The companies that dominate the marketplace are usually the ones that have planned to position themselves as a leader in a specific market segment or have risen to the fore by dominating a targeted value proposition.
Consider the coffee war that erupted between Starbucks and Dunkin' Donuts. Several years ago, Starbucks positioned itself as a provider of high-end café beverages. Their strategic position wasn't based on price, but on the quality of their products and the experience itself. In response, Dunkin' Donuts staked out their own strategic position based on price, targeting a different market segment with a different value proposition.
A down economy and other factors ultimately forced Starbucks to reposition their brand to compete with Dunkin' Donuts and other lower cost coffee providers. However, that wouldn't have happened without strategic position analysis. At some point, Starbucks analyzed and adjusted their strategic position to remain competitive.
Strategic position analysis is vital for companies that are serious about remaining relevant with consumers. The methods for performing a strategic assessment vary, but there are several areas that any strategic position audit simply can't ignore.
- Product performance. Product performance is a leading consideration in strategic positioning assessment. If your products are performing in a manner that is consistent with your strategic positioning, then you've done your job. But if your products are underperforming in your positioning category (e.g. price), then something is out of kilter and further analysis is required.

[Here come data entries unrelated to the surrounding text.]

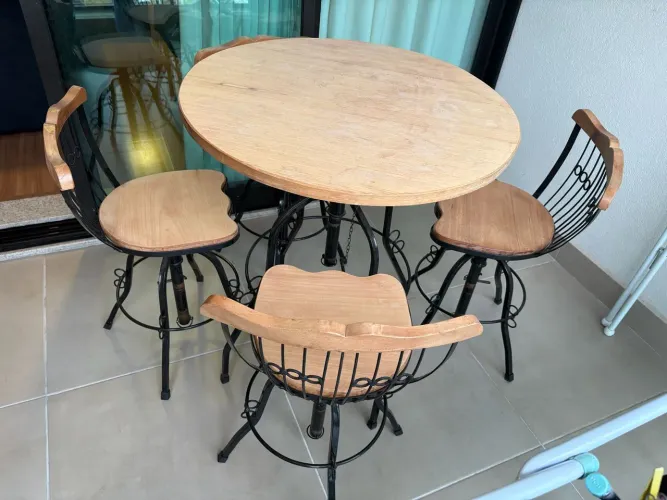 Conjunto de aparador e bistro 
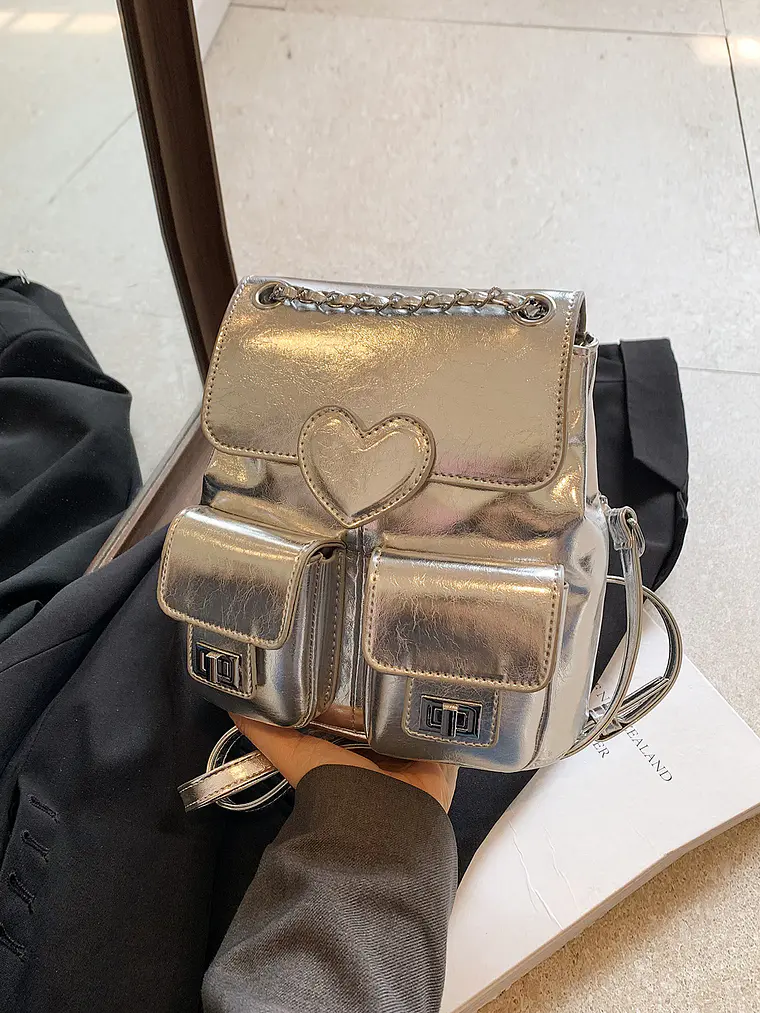 Mochila plateada con cadena, bolsillos frontales y detalle corazón 2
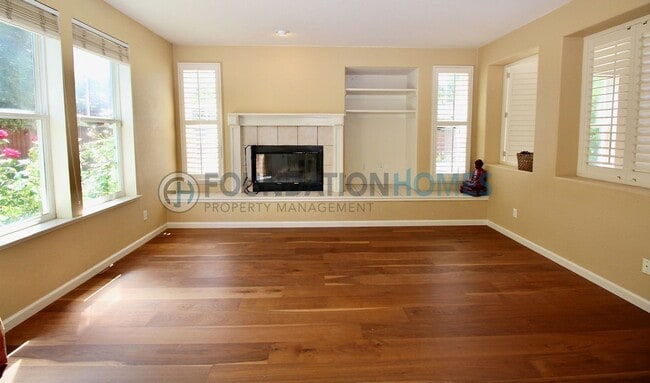 Foto del edificio - Rare 5BD Corner Lot Home in Hamilton Southgate — Soaring Ceilings & Hardwood Floors - FOUNDATION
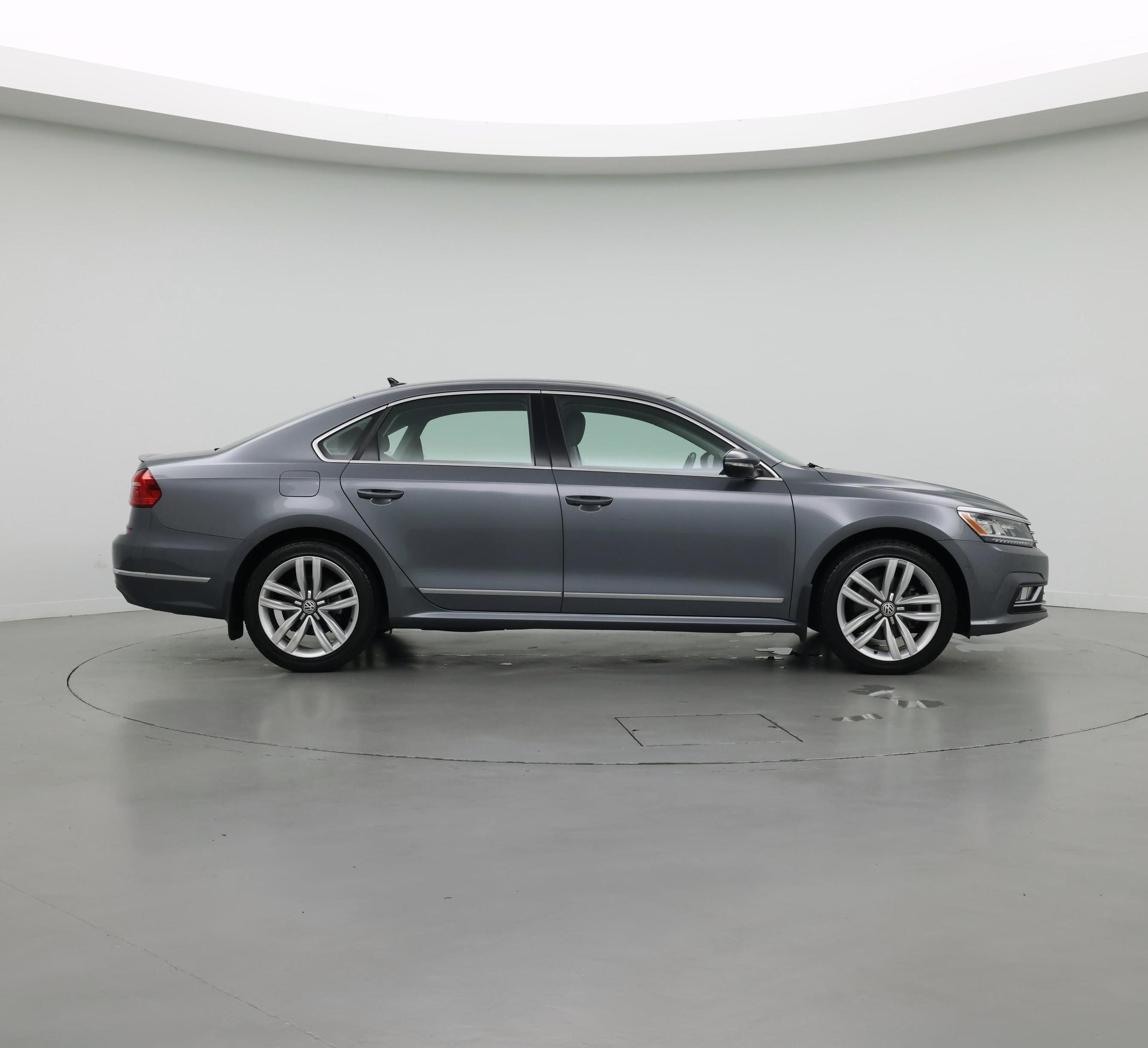 Thumbnail: 2016 Volkswagen Passat - 7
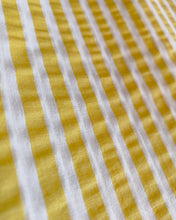 Charger l'image dans la galerie, Seersucker Rayé Blanc/Jaune
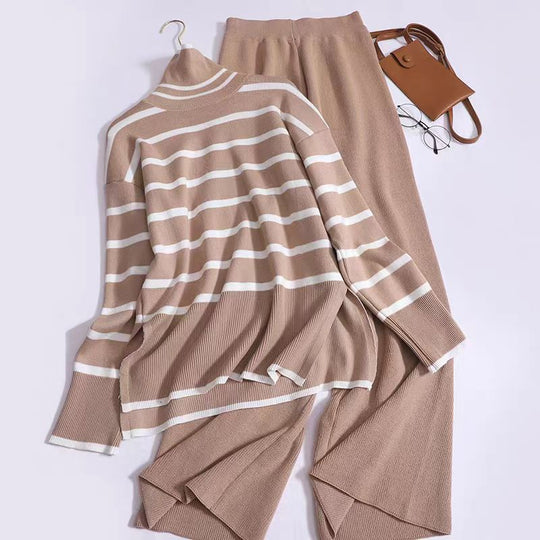 Damen modisches Strickensemble mit feinen Streifen EB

- Core competencies. Is your strategic position consistent with your company's core competencies? If your competencies have shifted, it's possible that your desired strategic position has become incompatible with your business model and needs to be refocused to leverage the organization's business strengths.
- Resource allocation. Strategic analysis must address the company's current resource allocation. It's particularly important to make sure your business's resources (people, equipment, supply channels, etc.) are capable of maintaining the position once you've secured it.
- Competitive & market pressures. External factors also play an important role in strategic position analysis. Competitive positioning and changing market conditions can dramatically affect the outcomes of your brand's strategic positioning efforts, even if your strategic position is already entrenched in the consumer consciousness.